Anoche compartí mesa con un palestino de unos 40 años, uno de esos hombres de acero que aquí, en Beirut, conocemos muy bien. Me da pánico la gente con causas justas. Ninguna causa, por cabal que sea, merece la muerte de un niño, ni el uso político de la infancia truncada, de la vida que no pudo ser, de los amores que no se pudieron otorgar, ni siquiera padecer. Lo he aprendido con la edad y fijándome mucho. Poquito a poco, quizá habríamos podido avanzar. A costa de muertes y de sacrificios, sin duda. Pero sin esta frialdad de la cirugía sin anestesia de los verdugos, y sin ese secretamente regocijado cálculo de los suministradores de víctimas, de aquellos que justifican sus fracasos tácticos refugiándose en el "cuanto peor, mejor".

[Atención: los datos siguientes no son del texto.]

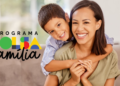 Mulher adulta e menino sorridentes no sofá ao lado do logo colorido do Programa Bolsa Família.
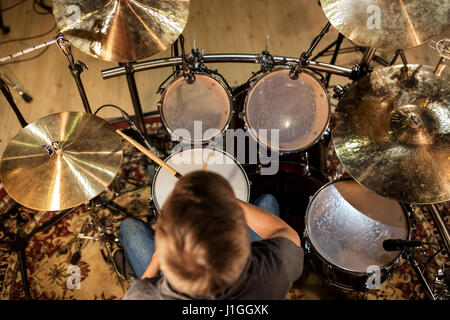 male musician playing drums and cymbals at concert Stock Photo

-En el 2020 ya no habrá Estado de Israel -me dijo el palestino, diría que indiferente, mientras sorbía una cerveza Almaza.

Una amiga que me acompañaba y yo le contemplamos con estupor.

-O sea, ¿están ustedes dispuestos a ganar la guerra a cualquier precio? ¿Al precio de casi 20 años más de sangre de sus hijos?

Él tiene cinco.

Pero, ojo, no se me malinterprete. Yo estoy con los palestinos porque soy neutral. Si este periódico hubiera existido al final de los años treinta y me hubiera enviado a la Alemania nazi, y si yo hubiera sido la misma que hoy, habría contado la verdad de las noches de los cristales rotos y de los cuchillos largos y, años más tarde, en los campos de Polonia o de la propia Alemania; igual que conté lo que vi en la Suráfrica del apartheid, a la que Israel vendía armas y ayudaba a sortear el boicoteo de Naciones Unidas haciendo de intermediario para vender sus naranjas.

Son los niños, no las causas, los que construyen el futuro. O, al menos, no lo destrozan.